Dentre
todas as noites do tempo em que Antônio estava no hospital, a que antecedeu a
ida de Cenotita e Cenorramaria foi a
mais interessante. Uma chuva fina caia sobre os telhados de Céu Azul. Na casa
de Antônio todos se deitaram, mas nem todos conseguiram dormir, principalmente
os adultos. Paulo Afonso fazia suas orações e ajoelhado aos pés da imagem de
Nossa Senhora da Esperança pedia pela recuperação do pai, intercalando orações
de conformidade com orações de desespero. A janela estava aberta e a luz da lua
iluminava Rosa-Flor e Pinheiro-Silvestre. Num momento de profundo diálogo com
os céus, palavras em forma de oração e poesia começaram a sair dos lábios
angustiados do amigo de Deus:
“Deus,
olhando entre as pobres grades de
uma janela da vida,
assim
como se olha por uma alma empobrecida,
vejo a chuva que cai com tal
leveza,
quanto
a mão de uma mãe que acalenta o filho pródigo.
Ah,
pobre de mim,
contemplando
de longe as maravilhas
vindas
de mãos tão divinas...
escute-me
Deus.
Aquela
Rosa...alí.
Tão sozinha em sua plenitude, tão
acalentada pelos que a cercam.
De longe a admiram. Rosa tão
perfeita, tão frágil, mas tão amada e admirada.
Todos
a invejam, principalmente eu.
Ela, a mais bela de todas: A Rosa.
Que
do lado de fora das grades contempla a chuva.
És,
meu Deus, este forte Pinheiro
Cujo
raio de sol o faz feliz.
Refletindo o rosto meigo, daquele
que ama sem saber se é amado.
Daquele
que se doa sem sentir o afago da doação.
Meiga
Rosa,
Ao
lado do bravo e amigo Pinheiro,
cuja alma é abrigo às criaturas
abençoadas e bem vindas.
Pobre
de mim.
Observo
de longe, com olhos que não enxergam.
Ao longe, mesmo de longe te sinto
no mais profundo esconderijo,
de um
coração que não merece, Rosa, ser percebido.
Minha
mão não te alcança.
Teus espinhos repletos de essência
do amor e da compaixão podem me ferir.
Vida
não conquistada, não vivida.
Condeno-me
a vida e me deixo levar
pela
visão mais bela que já tive.”
Elisabete
e Pedro, cada um em seu leito, vivia sua angústia pessoal.

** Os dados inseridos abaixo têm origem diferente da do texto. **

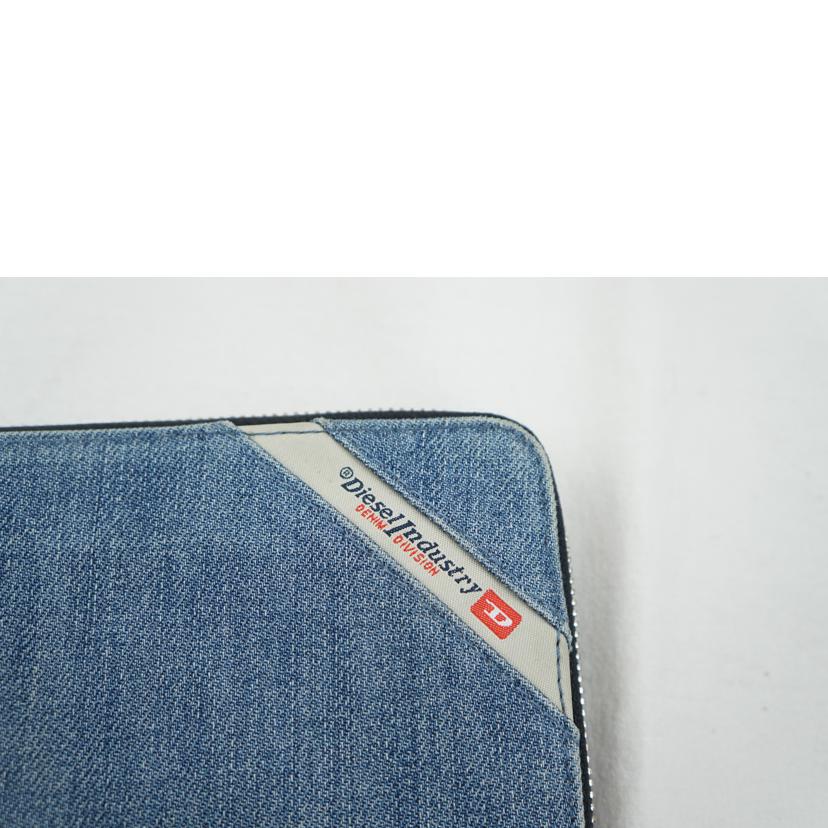 DIESEL ディーゼル/DIESEL 財布//ABランク/67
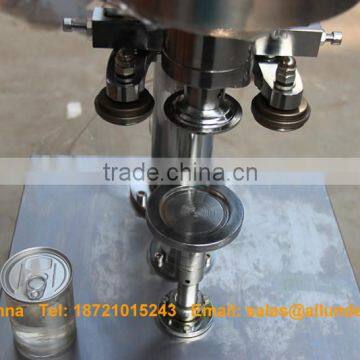 Manual Aluminum Tin Can Sealing Machine Quality Choice Supplier's Choice photo-4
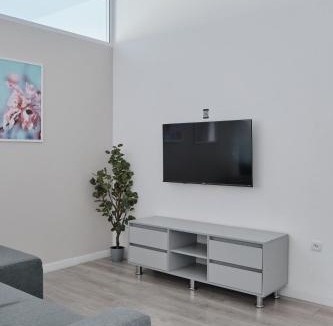 Semey Apartment | Seven City Apartments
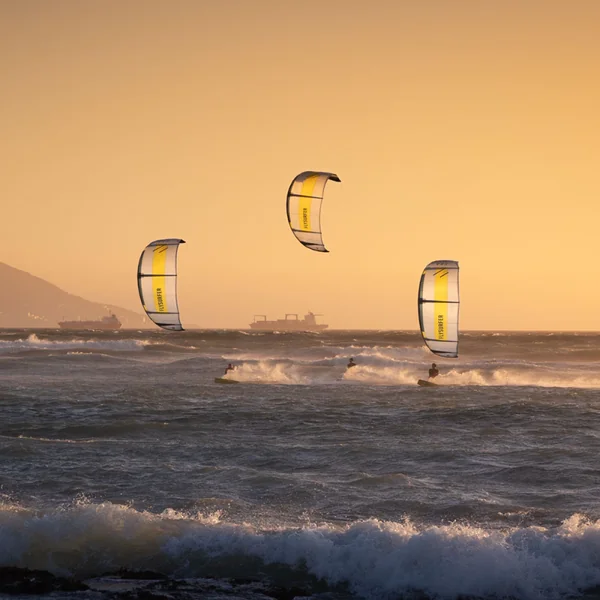 Aile de kitesurf flysurfer era 2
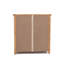Audrey 4 Drawer Chest of Drawers-90564840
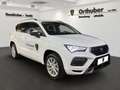 SEAT Ateca FR Edition 1.0 TSI Weiß - thumbnail 2
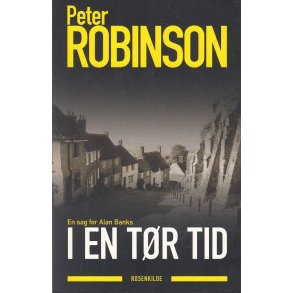 I en t�r tid (Bog)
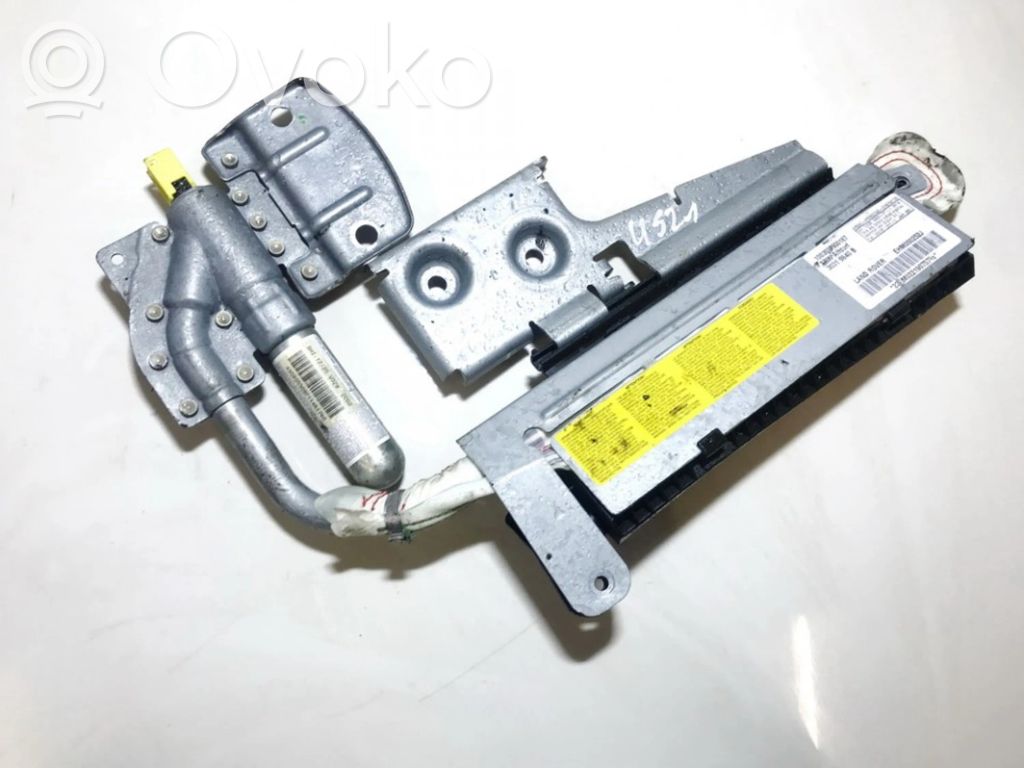 Land Rover Range Rover L322 Airbag cortină 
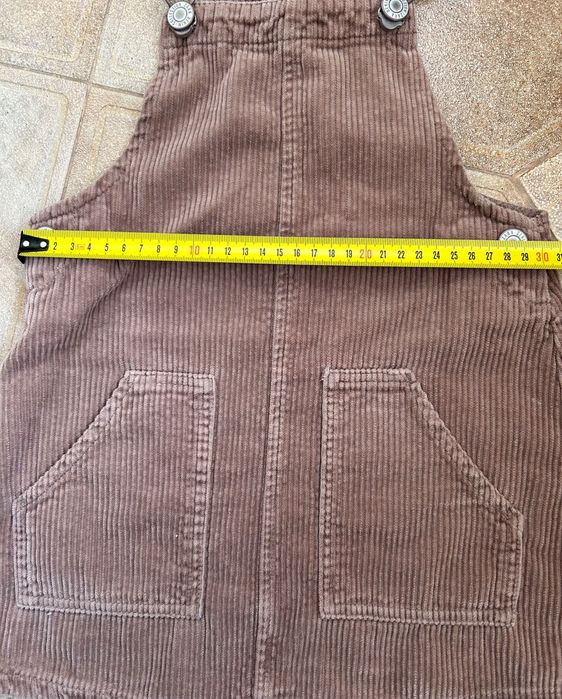 Сарафан для дівчинки Zara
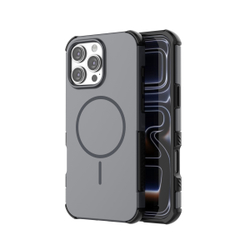 Противоударный чехол Supreme Shield Case для iPhone 16 Pro Max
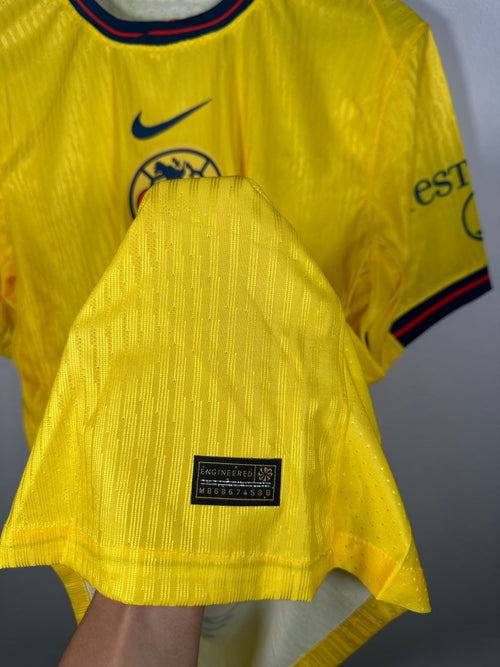 America Home 2024/2025 soccer jersey - photo 2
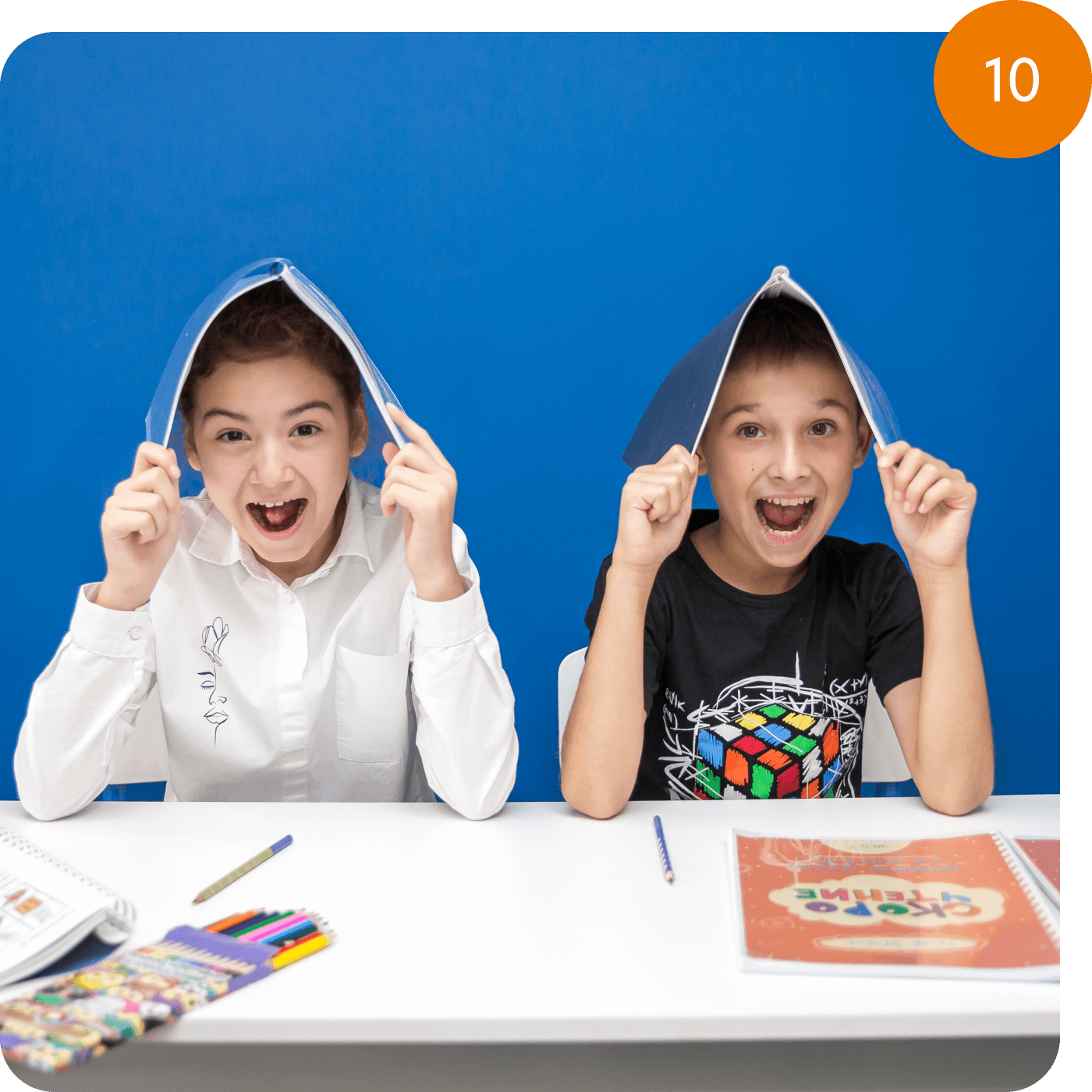 Подготовка к ВПР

Muito mais tensas estavam Cenotita e
Cenorramaria. De forma alguma conseguiram adormecer. Não sabiam nem sequer o
que conversar, as horas pareciam uma eternidade. De repente, Cenorramaria
voltou-se para Cenotita e disse:
- Cenotita, o que você costuma fazer
quando está nervosa?
- Bom, depende da situação. Às vezes
eu canto, às vezes fico me balançando de um lado para o outro, às vezes fico
recitando poesias, sei lá. Por quê?
- Por nada não. É que eu estou muito
angustiada.
- Eu também. O que você acha de
conversarmos com o Grande Artista do Universo? Ele pode nos acalmar.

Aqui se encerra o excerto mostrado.